America Threatens to Sanction Sudan Oil Industry
This article is from the archive of The New York Sun before the launch of its new website in 2022. The Sun has neither altered nor updated such articles but will seek to correct any errors, mis-categorizations or other problems introduced during transfer.

UNITED NATIONS – America circulated a draft for a new toughly worded Security Council resolution yesterday, threatening the government of Sudan with specific sanctions on its lucrative oil industry and calling for a larger African presence to intervene in the crisis in the Darfur region.
Officially planning to present the draft to the Security Council this afternoon, American officials said both new elements in the resolution are important, stressing that the draft is meant to “maintain the pressure on Sudan” and “address the immediate situation on the ground.”
At the State Department, spokesman Richard Boucher, however, conceded yesterday that “imposing new sanctions at this time may or may not help people on the ground in Sudan. We know that adding African Union monitors will make them safer.”
A European diplomat told The New York Sun that some members of the council are already working on a revision that would highlight the role of the African Union force, a provision with a good chance to pass, and dilute the reference to sanctions, which is strongly resisted by prominent council members.
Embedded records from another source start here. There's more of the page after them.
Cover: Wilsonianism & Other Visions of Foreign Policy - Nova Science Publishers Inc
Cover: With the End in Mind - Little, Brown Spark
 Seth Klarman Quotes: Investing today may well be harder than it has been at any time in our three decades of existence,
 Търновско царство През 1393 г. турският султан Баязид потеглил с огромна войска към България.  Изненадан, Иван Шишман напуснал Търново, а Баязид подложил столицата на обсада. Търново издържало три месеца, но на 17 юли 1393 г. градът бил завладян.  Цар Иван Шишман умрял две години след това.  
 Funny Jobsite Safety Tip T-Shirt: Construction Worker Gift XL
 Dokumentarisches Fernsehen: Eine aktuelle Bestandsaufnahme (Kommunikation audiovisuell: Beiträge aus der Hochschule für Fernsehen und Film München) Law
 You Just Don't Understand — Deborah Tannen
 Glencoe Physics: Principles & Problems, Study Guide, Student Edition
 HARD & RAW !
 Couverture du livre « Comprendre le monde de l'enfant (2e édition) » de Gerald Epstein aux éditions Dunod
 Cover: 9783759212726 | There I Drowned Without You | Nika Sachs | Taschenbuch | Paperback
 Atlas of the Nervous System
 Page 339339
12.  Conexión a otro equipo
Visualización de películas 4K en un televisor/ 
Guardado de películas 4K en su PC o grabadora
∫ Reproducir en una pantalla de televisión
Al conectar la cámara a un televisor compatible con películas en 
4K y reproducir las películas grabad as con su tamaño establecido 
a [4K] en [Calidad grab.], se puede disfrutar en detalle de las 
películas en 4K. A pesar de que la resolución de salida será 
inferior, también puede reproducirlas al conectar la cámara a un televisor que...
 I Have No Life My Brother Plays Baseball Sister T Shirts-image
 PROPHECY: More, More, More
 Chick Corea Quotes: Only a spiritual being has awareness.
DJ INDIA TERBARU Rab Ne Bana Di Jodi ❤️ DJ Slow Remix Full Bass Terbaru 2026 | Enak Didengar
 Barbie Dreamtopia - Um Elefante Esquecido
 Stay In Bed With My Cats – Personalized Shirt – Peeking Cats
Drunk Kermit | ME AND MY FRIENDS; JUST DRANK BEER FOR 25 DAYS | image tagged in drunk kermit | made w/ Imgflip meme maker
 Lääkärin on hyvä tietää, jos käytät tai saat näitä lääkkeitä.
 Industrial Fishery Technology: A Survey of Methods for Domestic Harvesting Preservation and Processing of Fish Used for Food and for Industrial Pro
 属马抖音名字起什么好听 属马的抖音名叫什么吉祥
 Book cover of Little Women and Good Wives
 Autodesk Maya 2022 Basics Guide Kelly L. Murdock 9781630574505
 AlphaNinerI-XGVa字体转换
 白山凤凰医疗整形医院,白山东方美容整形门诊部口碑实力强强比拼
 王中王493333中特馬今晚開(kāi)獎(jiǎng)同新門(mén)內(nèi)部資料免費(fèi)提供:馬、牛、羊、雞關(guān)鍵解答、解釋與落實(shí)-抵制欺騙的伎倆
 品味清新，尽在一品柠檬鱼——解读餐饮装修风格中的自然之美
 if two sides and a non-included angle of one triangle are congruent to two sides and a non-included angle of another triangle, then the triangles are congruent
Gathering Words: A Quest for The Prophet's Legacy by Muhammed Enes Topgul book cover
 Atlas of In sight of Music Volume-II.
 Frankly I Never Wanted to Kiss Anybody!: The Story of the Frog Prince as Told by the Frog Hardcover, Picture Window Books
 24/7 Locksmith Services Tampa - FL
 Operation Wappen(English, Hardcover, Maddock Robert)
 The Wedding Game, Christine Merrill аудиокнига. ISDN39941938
Like a similar resolution that passed over a month ago, the new American draft proposes “further actions” – diplomatic language for sanctions – if Khartoum fails to comply. But the new threat goes a step further, specifically referring to sanctions against Sudan’s “petroleum sector.”
This reference is especially tricky, as China, which in the past threatened to veto a resolution that directly threatened Sudan with any sanctions, has strong oil interest in the North African country.
The European diplomat, who asked for anonymity, said that many on the council assume China – as well as other interested council members, such as Algeria and Pakistan – would resist the new addition to the sanction threat.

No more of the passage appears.